Source information: Begin
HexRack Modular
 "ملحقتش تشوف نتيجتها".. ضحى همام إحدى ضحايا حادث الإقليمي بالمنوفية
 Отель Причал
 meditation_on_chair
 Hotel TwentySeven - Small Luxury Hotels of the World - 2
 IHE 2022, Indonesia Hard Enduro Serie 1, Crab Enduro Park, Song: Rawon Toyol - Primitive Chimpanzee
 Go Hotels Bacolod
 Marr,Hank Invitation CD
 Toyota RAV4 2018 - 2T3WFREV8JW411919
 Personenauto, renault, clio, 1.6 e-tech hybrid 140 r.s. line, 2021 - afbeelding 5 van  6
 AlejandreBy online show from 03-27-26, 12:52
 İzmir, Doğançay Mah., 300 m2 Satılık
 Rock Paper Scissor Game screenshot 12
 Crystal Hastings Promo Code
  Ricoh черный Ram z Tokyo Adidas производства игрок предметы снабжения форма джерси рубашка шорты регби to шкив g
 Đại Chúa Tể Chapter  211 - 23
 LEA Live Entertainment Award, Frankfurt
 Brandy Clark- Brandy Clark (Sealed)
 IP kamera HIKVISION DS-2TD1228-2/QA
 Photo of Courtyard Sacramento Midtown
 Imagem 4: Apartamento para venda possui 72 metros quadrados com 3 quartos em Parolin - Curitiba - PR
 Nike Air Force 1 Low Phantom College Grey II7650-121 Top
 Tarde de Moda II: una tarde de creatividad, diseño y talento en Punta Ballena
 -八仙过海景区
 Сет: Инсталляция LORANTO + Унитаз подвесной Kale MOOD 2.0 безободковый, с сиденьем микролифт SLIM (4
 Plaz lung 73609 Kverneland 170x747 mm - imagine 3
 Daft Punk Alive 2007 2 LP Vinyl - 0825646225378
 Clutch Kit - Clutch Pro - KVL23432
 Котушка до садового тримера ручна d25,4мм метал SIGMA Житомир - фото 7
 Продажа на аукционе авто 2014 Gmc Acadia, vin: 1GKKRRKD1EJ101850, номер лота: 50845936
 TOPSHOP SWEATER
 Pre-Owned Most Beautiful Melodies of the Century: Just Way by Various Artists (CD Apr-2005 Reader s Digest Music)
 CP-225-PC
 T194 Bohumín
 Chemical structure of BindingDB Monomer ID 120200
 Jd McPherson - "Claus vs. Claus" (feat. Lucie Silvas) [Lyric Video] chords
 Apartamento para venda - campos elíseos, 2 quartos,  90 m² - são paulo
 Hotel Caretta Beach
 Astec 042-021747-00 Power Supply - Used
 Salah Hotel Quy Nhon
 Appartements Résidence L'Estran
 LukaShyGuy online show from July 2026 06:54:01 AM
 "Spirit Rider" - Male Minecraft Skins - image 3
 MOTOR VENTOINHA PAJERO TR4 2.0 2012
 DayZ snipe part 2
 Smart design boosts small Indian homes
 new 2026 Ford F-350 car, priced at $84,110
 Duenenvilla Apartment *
Source information: End
Nothing should appear in the answer except the lines from the one with "[Lyric Video] chords" through the final line of the records, written exactly.

Response:
 Jd McPherson - "Claus vs. Claus" (feat. Lucie Silvas) [Lyric Video] chords
 Apartamento para venda - campos elíseos, 2 quartos,  90 m² - são paulo
 Hotel Caretta Beach
 Astec 042-021747-00 Power Supply - Used
 Salah Hotel Quy Nhon
 Appartements Résidence L'Estran
 LukaShyGuy online show from July 2026 06:54:01 AM
 "Spirit Rider" - Male Minecraft Skins - image 3
 MOTOR VENTOINHA PAJERO TR4 2.0 2012
 DayZ snipe part 2
 Smart design boosts small Indian homes
 new 2026 Ford F-350 car, priced at $84,110
 Duenenvilla Apartment *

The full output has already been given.